Start of Data for the task
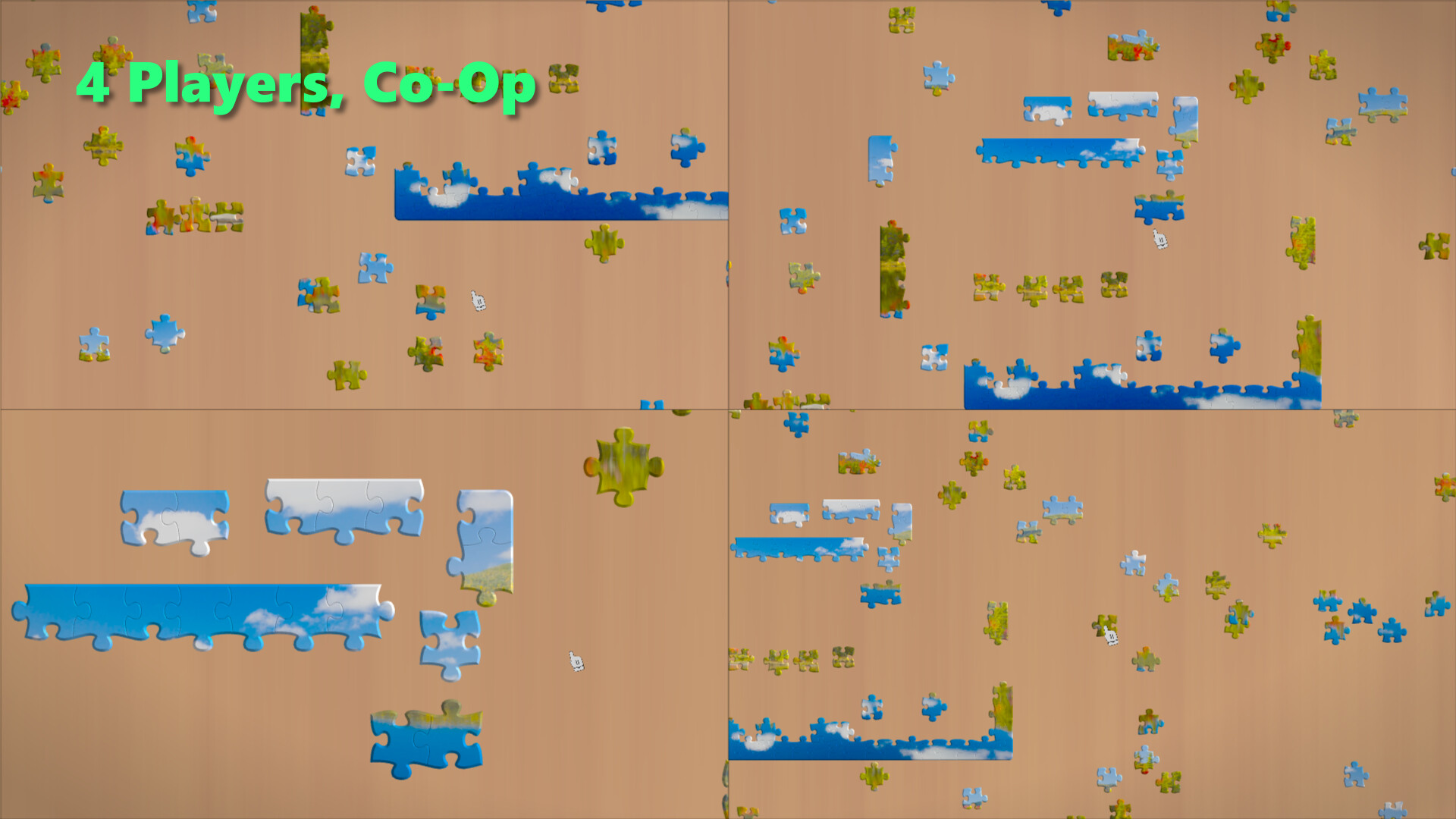 Скриншот: Jigsaw Puzzle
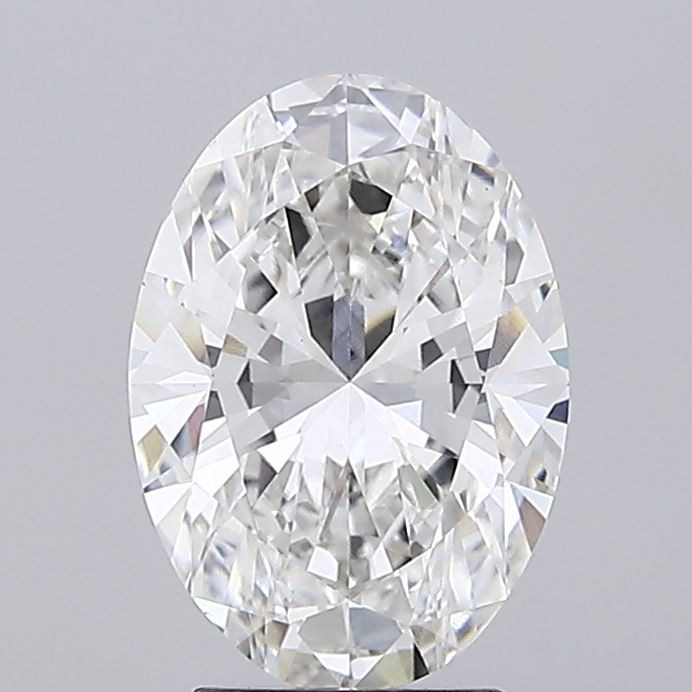 3.12 Carat Oval Cut Diamond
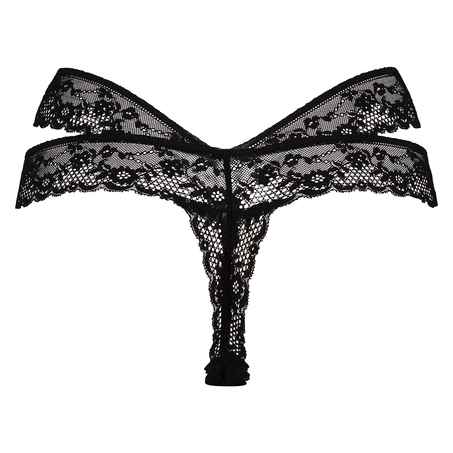 String ULV Jasmin wow, Noir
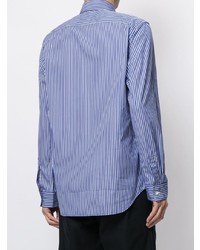 Junya Watanabe Classic Collar Striped Shirt
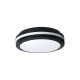 Вуличний стельовий світильник Azzardo AZ4371 Fano R E27 2x40W IP54 чорний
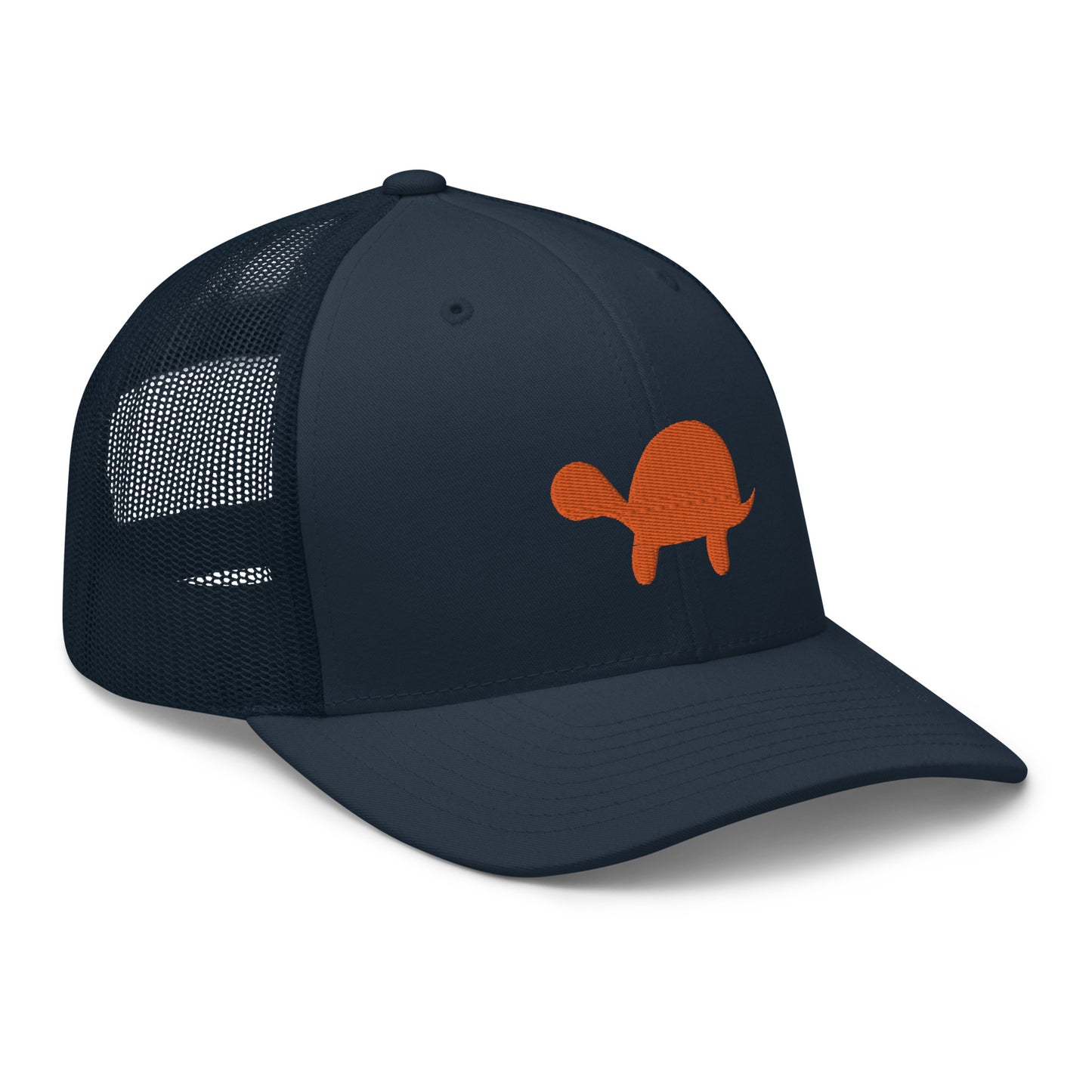 Tiger Orange Mesh Snapback
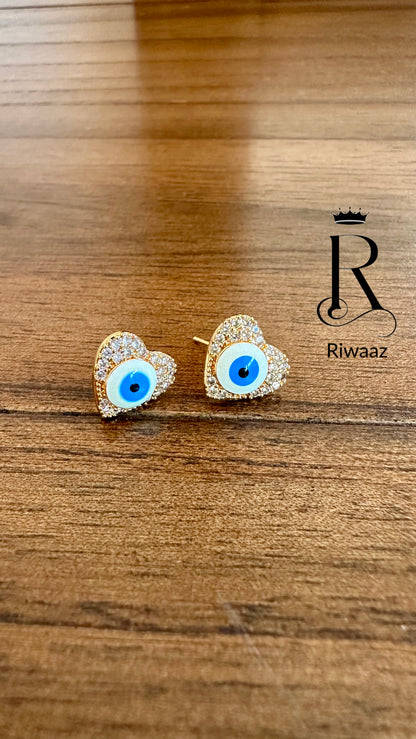 Evil Eye Studs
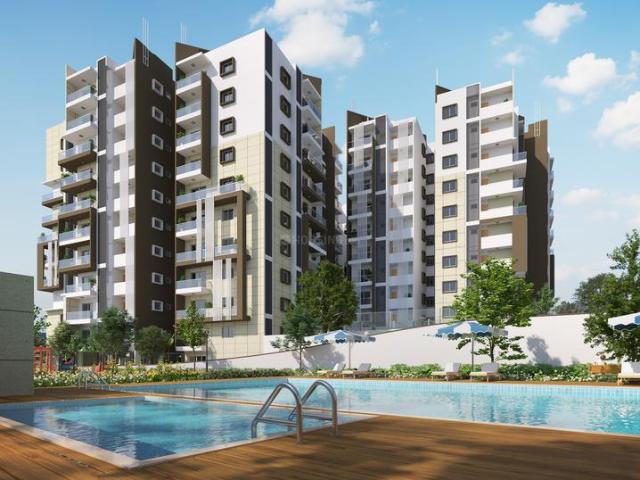 Flat for sale in Bangalore South, Cox Town - Bangalore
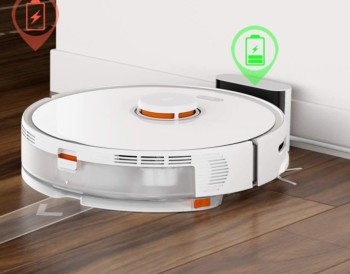 Robot aspirador Xiaomi: Guía detallada para comprar el mejor modelo del 2020 imagen 44 robot aspirador S5 Max volviendo solo a su base de carga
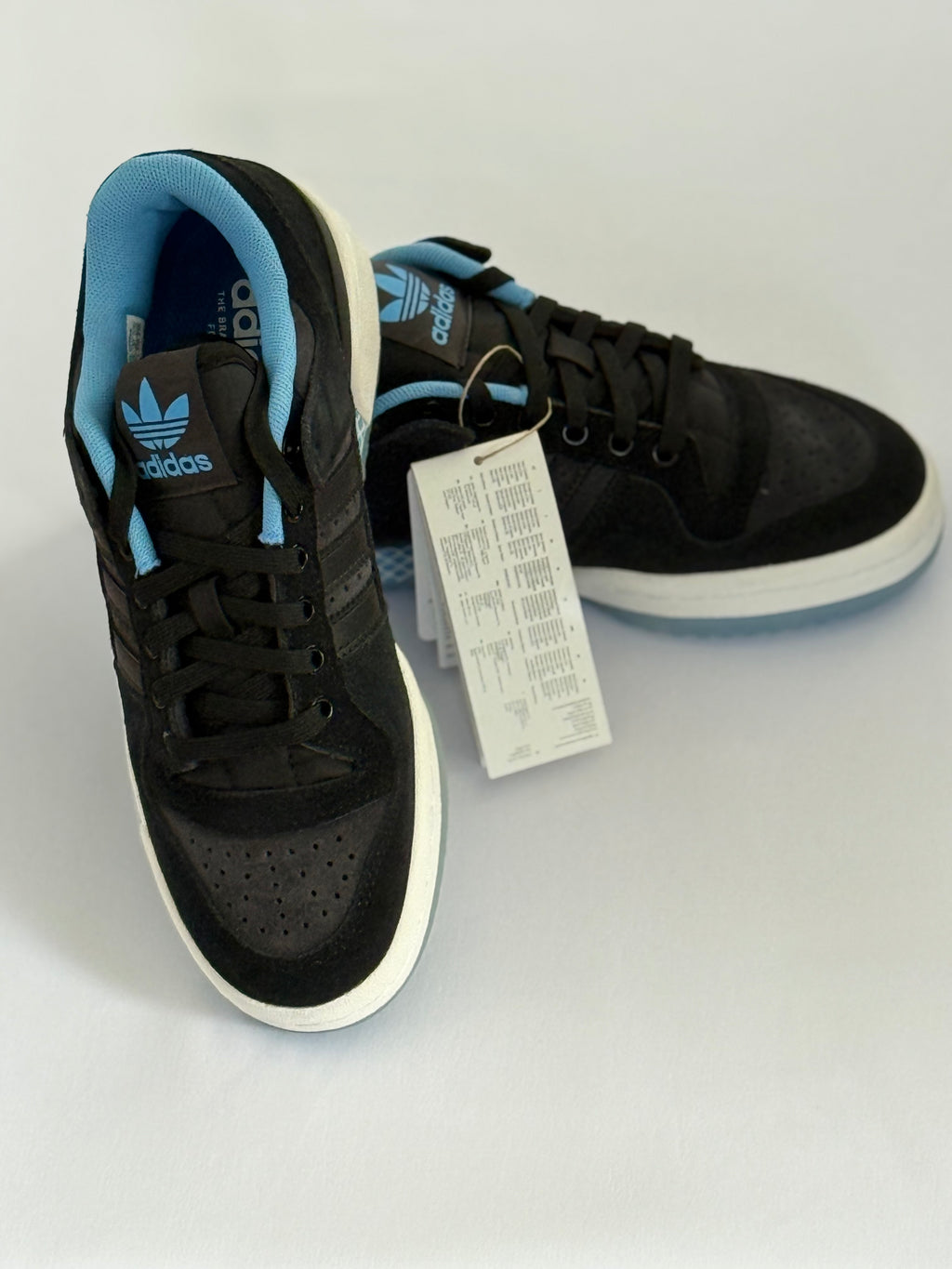 ADIDAS Originals Forum 84 Low ADV 'Black Blue Burst'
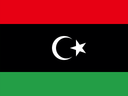 Libya Flat Rectangle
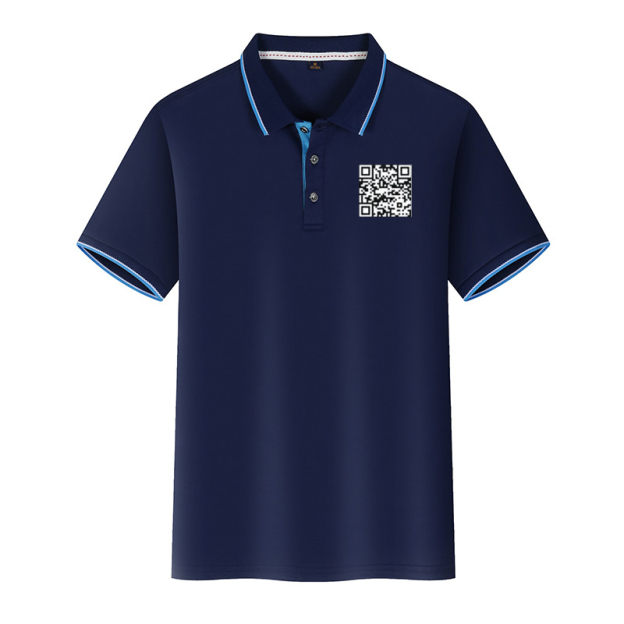  polo shirt short sleeve quick dry t-shirt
End of Data for the task
### Directions
Lines from the one that contains "Robot aspirador Xiaomi: Guía" through the last line of the data above are to be extracted exactly, with no pictures and no other lines.

### Solved exercise
 Robot aspirador Xiaomi: Guía detallada para comprar el mejor modelo del 2020 imagen 44 robot aspirador S5 Max volviendo solo a su base de carga
 ADIDAS Originals Forum 84 Low ADV 'Black Blue Burst'
 Libya Flat Rectangle
  polo shirt short sleeve quick dry t-shirt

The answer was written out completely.